The plot spins out the would-be fatal pursuit of Radamisto, son of Farasmane, the king of Thrace, by the invading troops of Tiridate, the dastardly king of Armenia, about as far as it can be spun. However much bent on sheer conquest, Tiridate also lusts after Radamisto’s wife, Zenobia, spurning his own, Polissena, Radamisto’s sister. At the final bell, in the last of 32 scenes, the other characters, led by Tiridate’s ally, Tigrane, convince Tiridate of the evil of his ways. He suddenly relents (“What virtue I offended!”), and all’s well.
Fortunately, there are enough great arias (along with a few duets and ensembles) to carry the day, if well performed. Most were magnificently rendered here.
The bass-baritone Luca Pisaroni nearly stole the show, as his characterizations so often do, with his bullying, blustery Tidirate (though Mr. Daniels momentarily upstaged him in return, standing to acknowledge and extend applause for his performance of Radamisto’s great aria “Ombra cara,” just as Mr. Pisaroni was attempting a stage entrance). Mr. Pisaroni made the most of his bravura moments and commanded the stage with his physical presence as well as with his voice.

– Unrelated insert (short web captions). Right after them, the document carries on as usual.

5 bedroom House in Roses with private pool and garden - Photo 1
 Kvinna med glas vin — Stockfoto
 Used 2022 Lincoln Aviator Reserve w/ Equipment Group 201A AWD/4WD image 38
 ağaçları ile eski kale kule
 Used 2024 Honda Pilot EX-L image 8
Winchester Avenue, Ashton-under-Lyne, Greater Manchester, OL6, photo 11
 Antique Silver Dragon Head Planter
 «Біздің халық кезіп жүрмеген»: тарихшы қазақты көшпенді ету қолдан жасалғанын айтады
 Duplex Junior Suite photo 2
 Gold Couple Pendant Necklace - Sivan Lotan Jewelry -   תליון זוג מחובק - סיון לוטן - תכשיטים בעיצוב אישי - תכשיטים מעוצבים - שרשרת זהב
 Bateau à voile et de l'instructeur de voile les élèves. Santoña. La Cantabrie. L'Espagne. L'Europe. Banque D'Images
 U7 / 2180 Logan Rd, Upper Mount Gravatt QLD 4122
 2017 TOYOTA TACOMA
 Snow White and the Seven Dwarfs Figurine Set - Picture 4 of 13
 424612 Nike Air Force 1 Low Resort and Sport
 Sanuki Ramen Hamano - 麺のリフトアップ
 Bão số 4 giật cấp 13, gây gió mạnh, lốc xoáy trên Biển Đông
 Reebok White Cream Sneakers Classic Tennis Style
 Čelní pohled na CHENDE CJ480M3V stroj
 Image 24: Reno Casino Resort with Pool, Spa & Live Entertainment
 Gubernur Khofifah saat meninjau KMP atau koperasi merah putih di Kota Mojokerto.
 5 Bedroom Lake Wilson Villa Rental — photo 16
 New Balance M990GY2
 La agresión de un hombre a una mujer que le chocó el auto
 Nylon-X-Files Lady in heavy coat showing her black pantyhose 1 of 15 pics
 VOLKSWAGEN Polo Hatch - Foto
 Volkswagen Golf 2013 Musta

The other main characters all had lyrical showcases in addition to vocal fireworks, and that is where Mr. Daniels really shone. His fioritura sometimes sounded approximate, partly, perhaps, because it did not always project well. His more subdued and reflective arias, on the other hand, especially that “Ombra cara,” were nothing but gorgeous.
The women were all excellent: the soprano Joélle Harvey, assured if not imposing in the trouser role of Tigrane; another soprano, Brenda Rae, sturdy yet suitably vulnerable as Polissena; and the mezzo-soprano Patricia Bardon, utterly melting as Zenobia. David Kravitz, a baritone, was more than adequate to the smaller role of Farasmane.
This was the first in a series of Handel operas and oratorios to be presented in concert by Carnegie Hall, with Mr. Bicket and the English Concert. “Theodora,” another musical gem, was recently announced for next February.